Work task
The listing that follows should be copied in full and exactly, with no pictures.
━━━━━ Source records ━━━━━
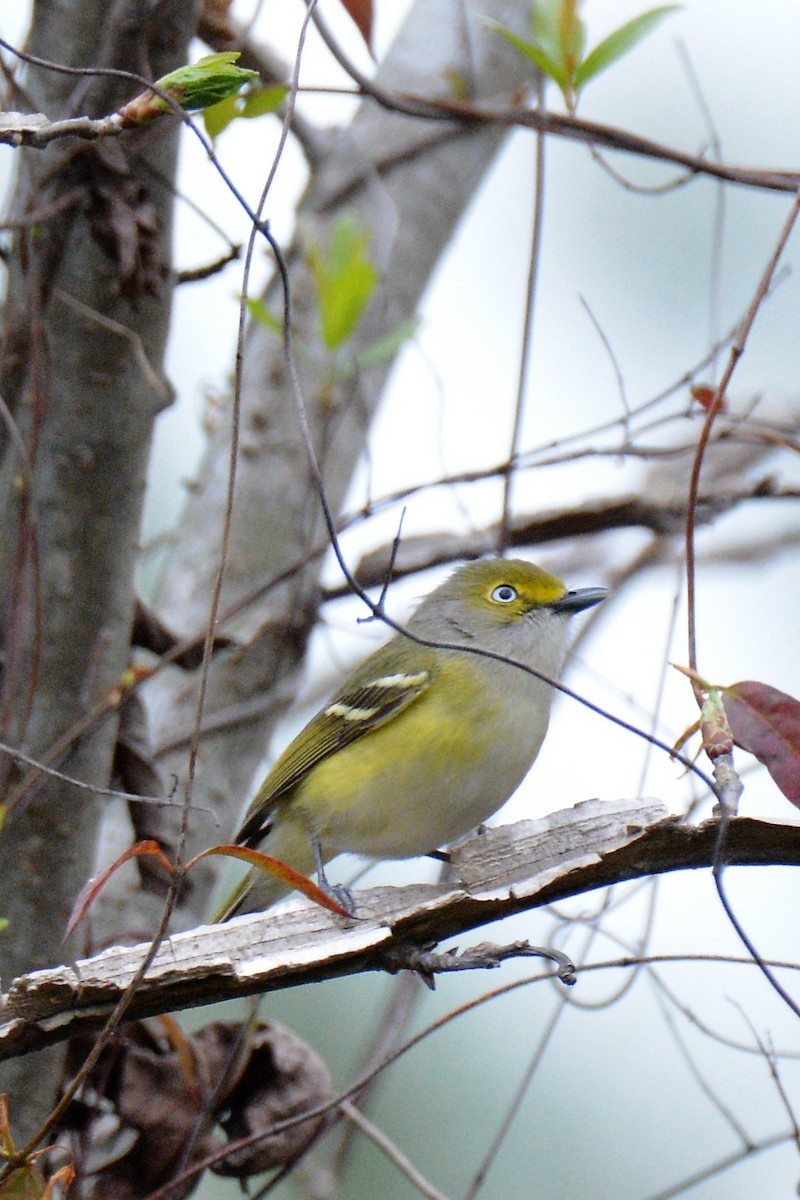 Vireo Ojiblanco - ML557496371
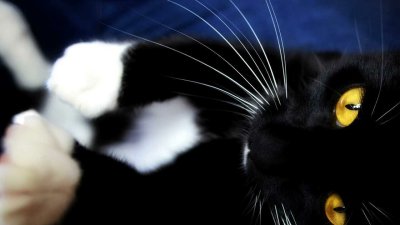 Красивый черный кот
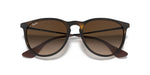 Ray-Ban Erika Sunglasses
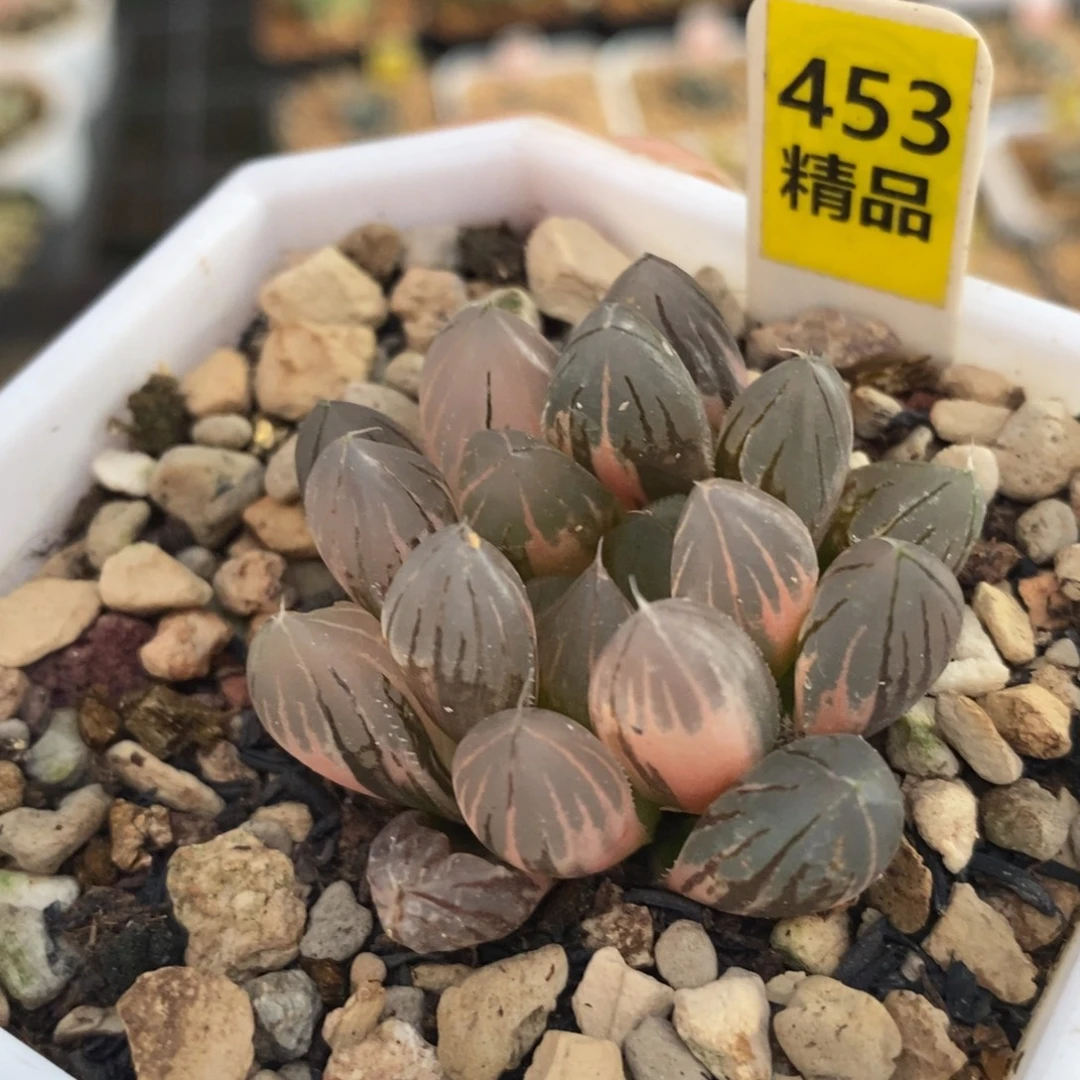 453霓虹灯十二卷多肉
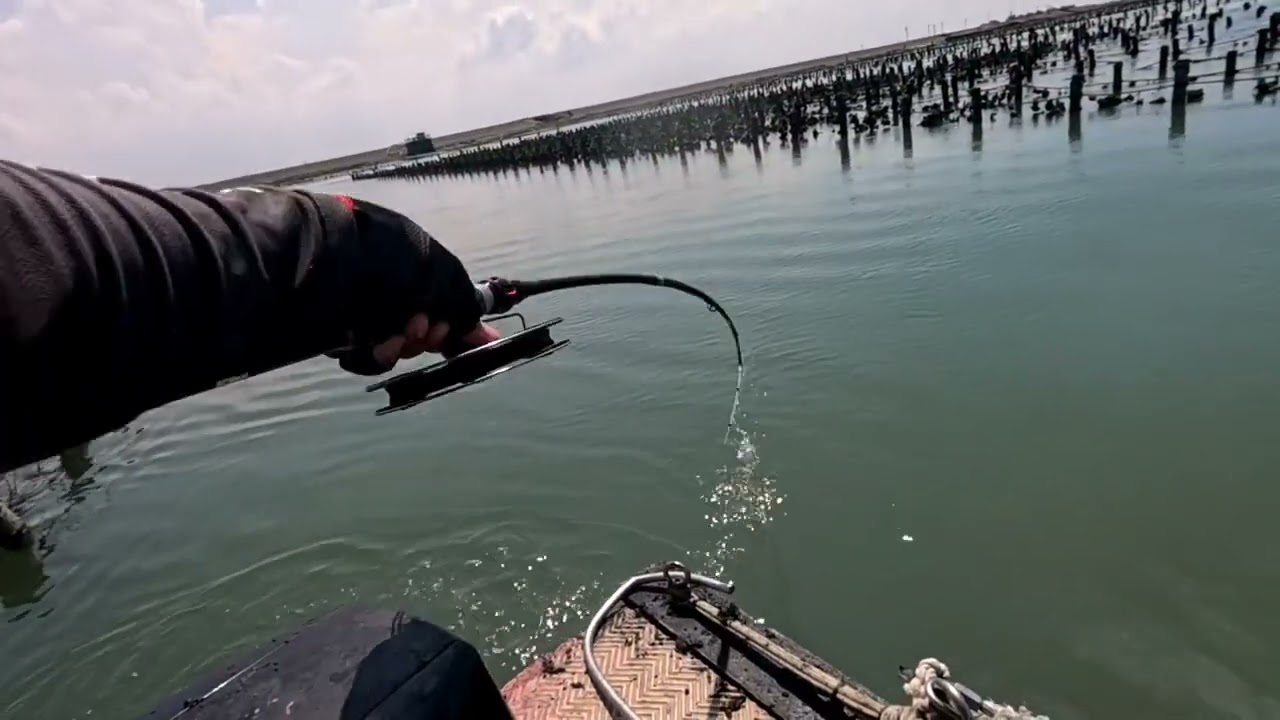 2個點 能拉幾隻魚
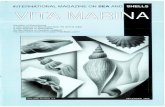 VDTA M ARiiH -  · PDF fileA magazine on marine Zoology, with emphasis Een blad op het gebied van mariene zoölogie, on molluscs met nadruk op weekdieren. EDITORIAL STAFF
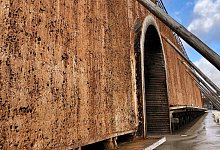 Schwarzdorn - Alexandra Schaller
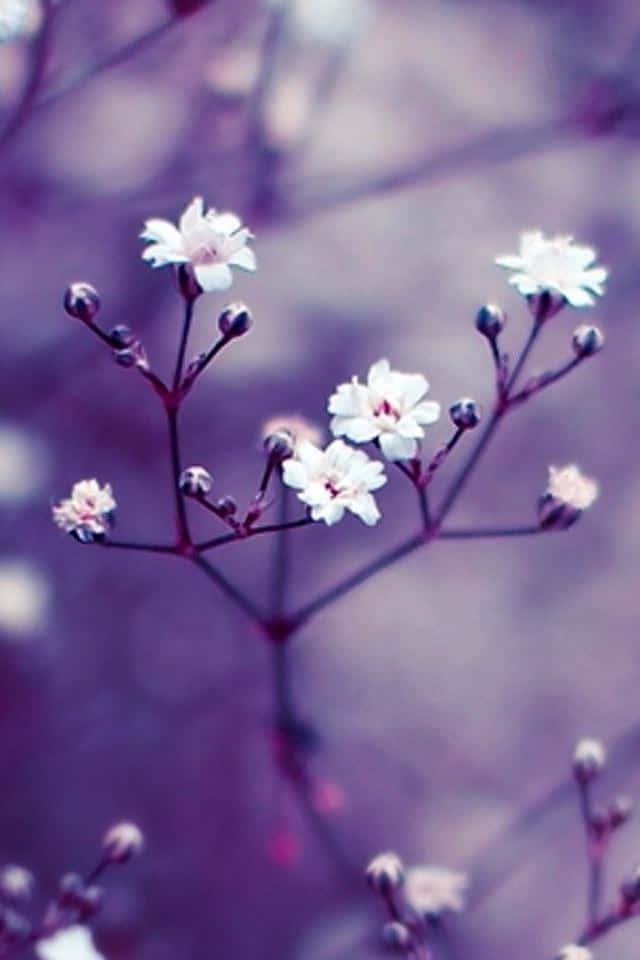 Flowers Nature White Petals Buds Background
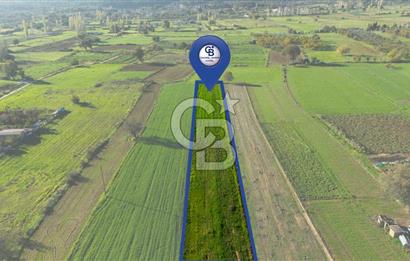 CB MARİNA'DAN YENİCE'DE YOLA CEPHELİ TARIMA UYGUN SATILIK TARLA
━━━━━
Result
 Vireo Ojiblanco - ML557496371
 Красивый черный кот
 Ray-Ban Erika Sunglasses
 453霓虹灯十二卷多肉
 2個點 能拉幾隻魚
 VDTA M ARiiH -  · PDF fileA magazine on marine Zoology, with emphasis Een blad op het gebied van mariene zoölogie, on molluscs met nadruk op weekdieren. EDITORIAL STAFF
 Schwarzdorn - Alexandra Schaller
 Flowers Nature White Petals Buds Background
 CB MARİNA'DAN YENİCE'DE YOLA CEPHELİ TARIMA UYGUN SATILIK TARLA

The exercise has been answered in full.